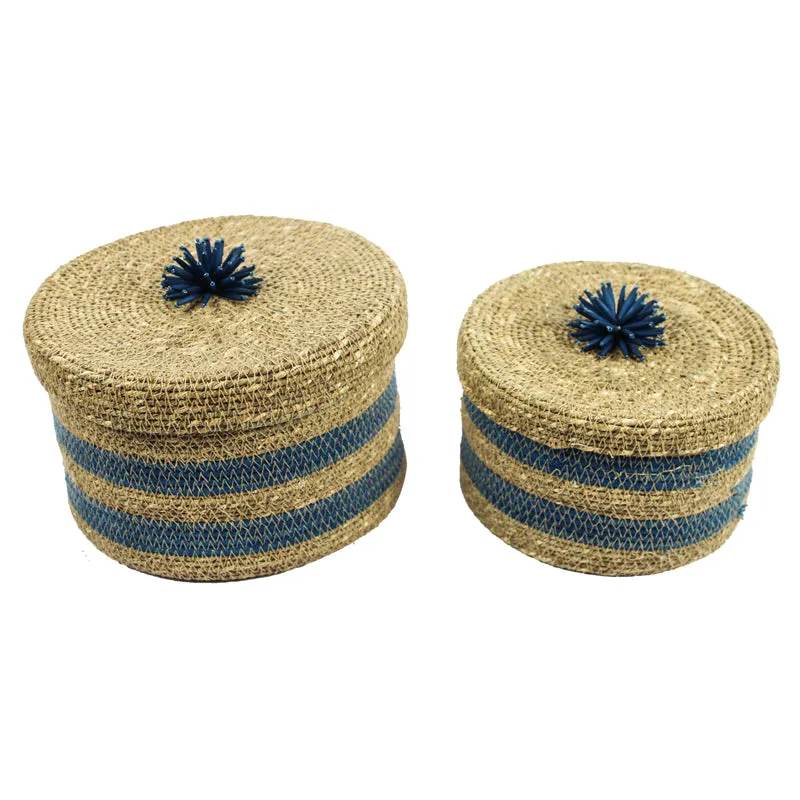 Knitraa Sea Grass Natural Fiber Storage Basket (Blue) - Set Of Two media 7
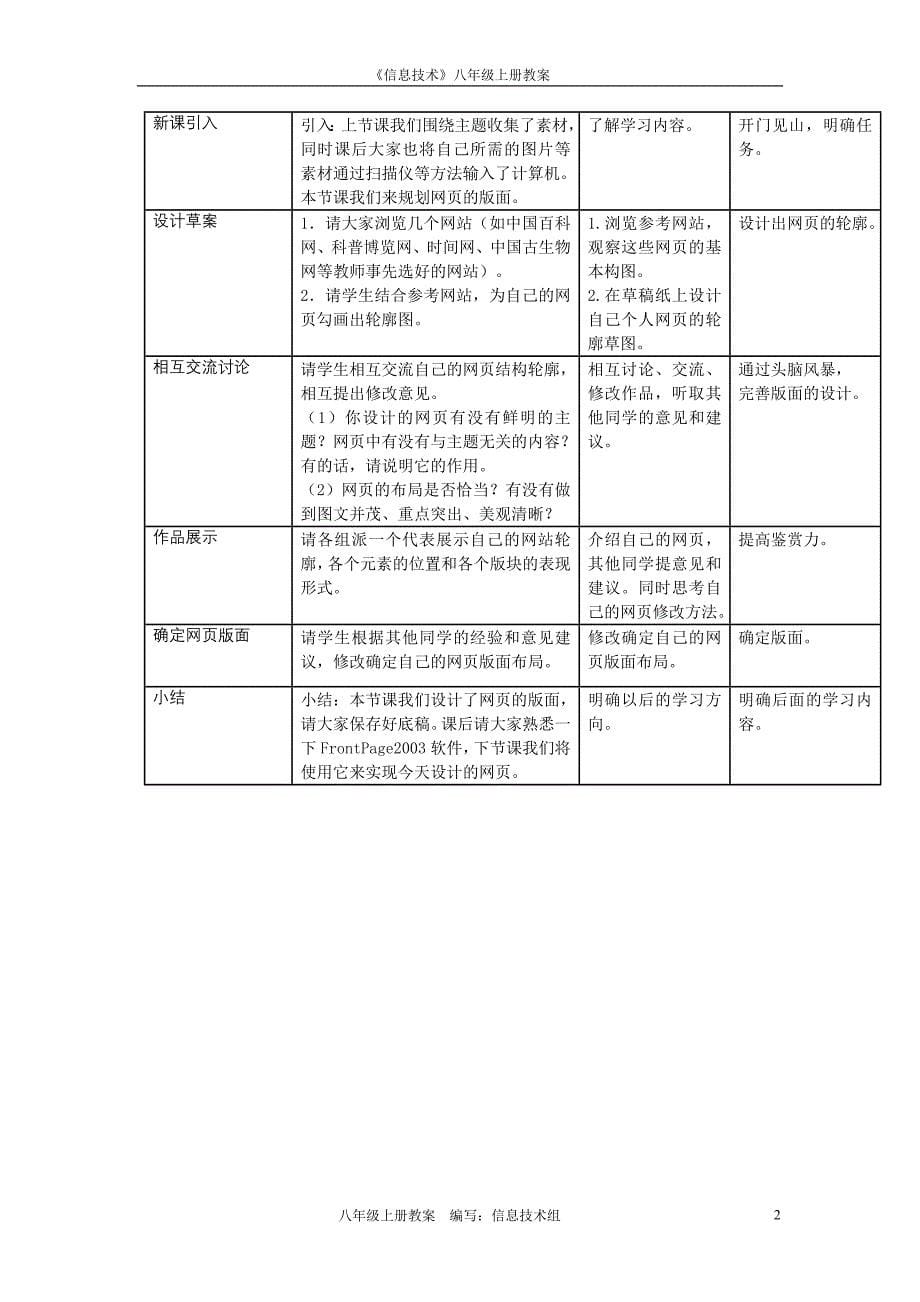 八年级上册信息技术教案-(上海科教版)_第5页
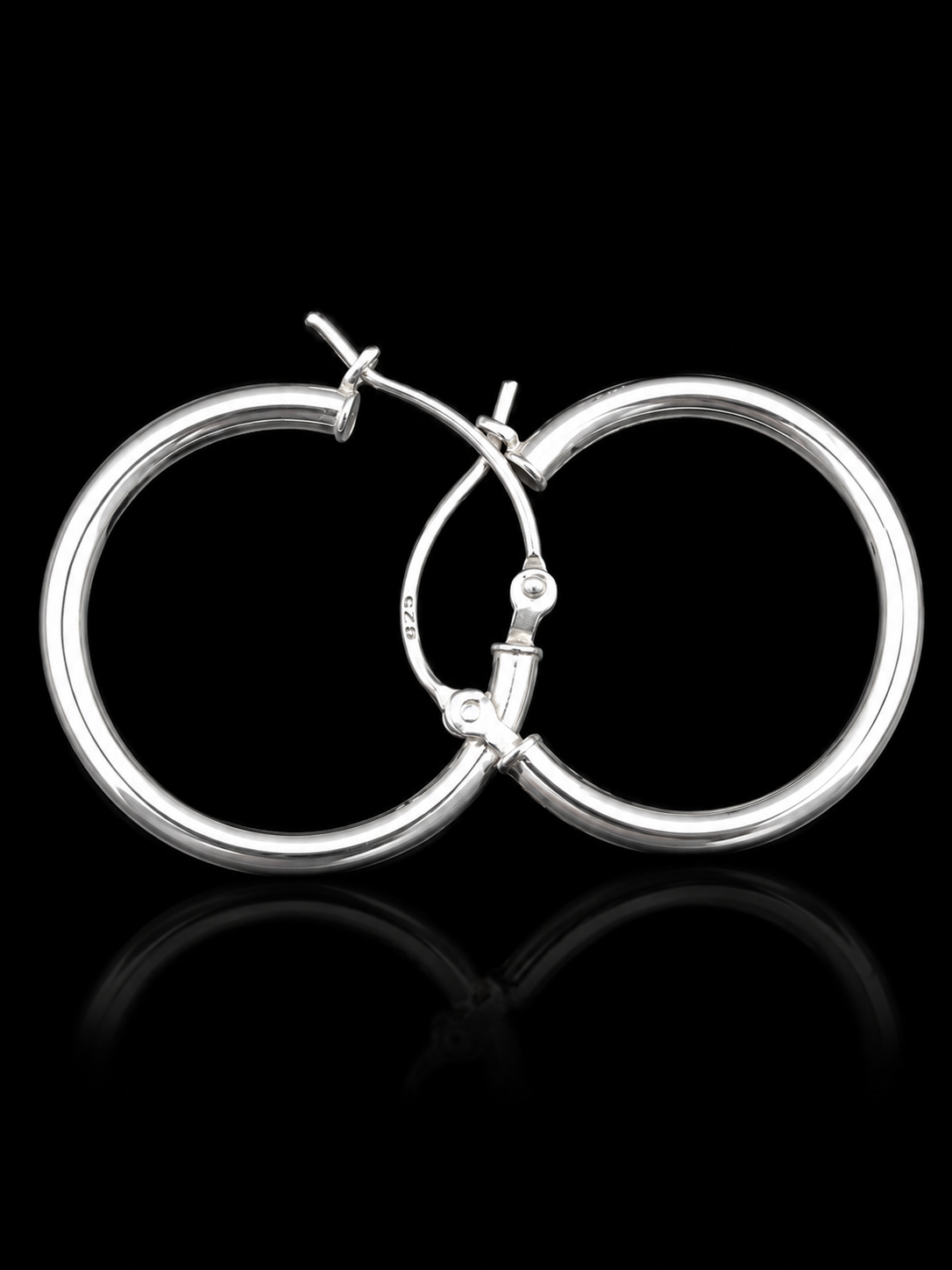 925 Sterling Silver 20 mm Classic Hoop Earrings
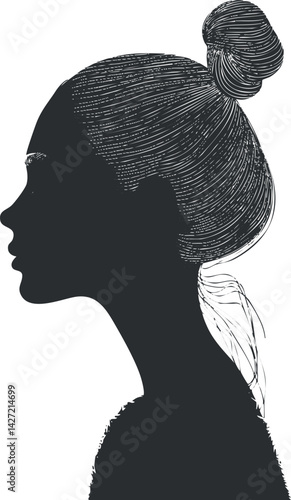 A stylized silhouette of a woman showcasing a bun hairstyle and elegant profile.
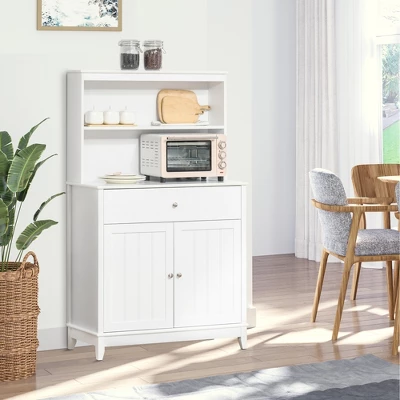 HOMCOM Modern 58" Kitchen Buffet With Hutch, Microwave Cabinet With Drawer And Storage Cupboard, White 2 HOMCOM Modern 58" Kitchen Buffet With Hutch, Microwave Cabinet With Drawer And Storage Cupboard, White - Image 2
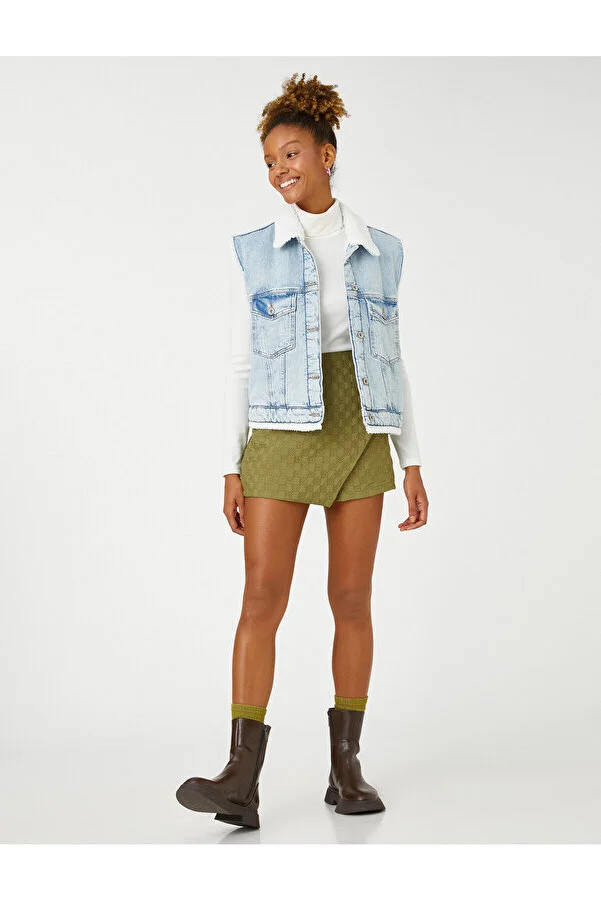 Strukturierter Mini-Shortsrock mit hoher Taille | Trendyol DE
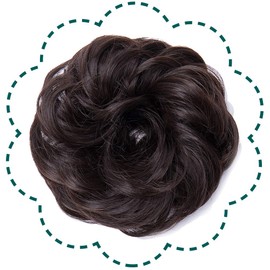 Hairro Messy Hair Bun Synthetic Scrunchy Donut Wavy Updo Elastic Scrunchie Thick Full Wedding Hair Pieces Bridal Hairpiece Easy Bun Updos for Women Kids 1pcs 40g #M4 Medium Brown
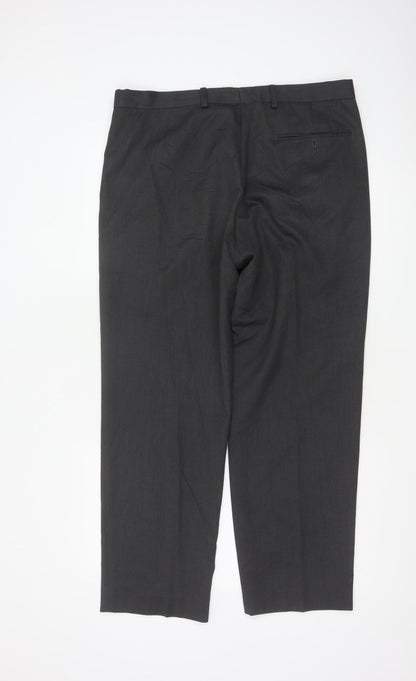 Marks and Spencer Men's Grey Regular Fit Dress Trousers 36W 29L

********

Leave out the pictures and output the rest of the records exactly.

**Your response**
 Knitraa Sea Grass Natural Fiber Storage Basket (Blue) - Set Of Two media 7
 八年级上册信息技术教案-(上海科教版)_第5页
 925 Sterling Silver 20 mm Classic Hoop Earrings
 A stylized silhouette of a woman showcasing a bun hairstyle and elegant profile.
 HOMCOM Modern 58" Kitchen Buffet With Hutch, Microwave Cabinet With Drawer And Storage Cupboard, White 2 HOMCOM Modern 58" Kitchen Buffet With Hutch, Microwave Cabinet With Drawer And Storage Cupboard, White - Image 2
 Strukturierter Mini-Shortsrock mit hoher Taille | Trendyol DE
 Hairro Messy Hair Bun Synthetic Scrunchy Donut Wavy Updo Elastic Scrunchie Thick Full Wedding Hair Pieces Bridal Hairpiece Easy Bun Updos for Women Kids 1pcs 40g #M4 Medium Brown
 Marks and Spencer Men's Grey Regular Fit Dress Trousers 36W 29L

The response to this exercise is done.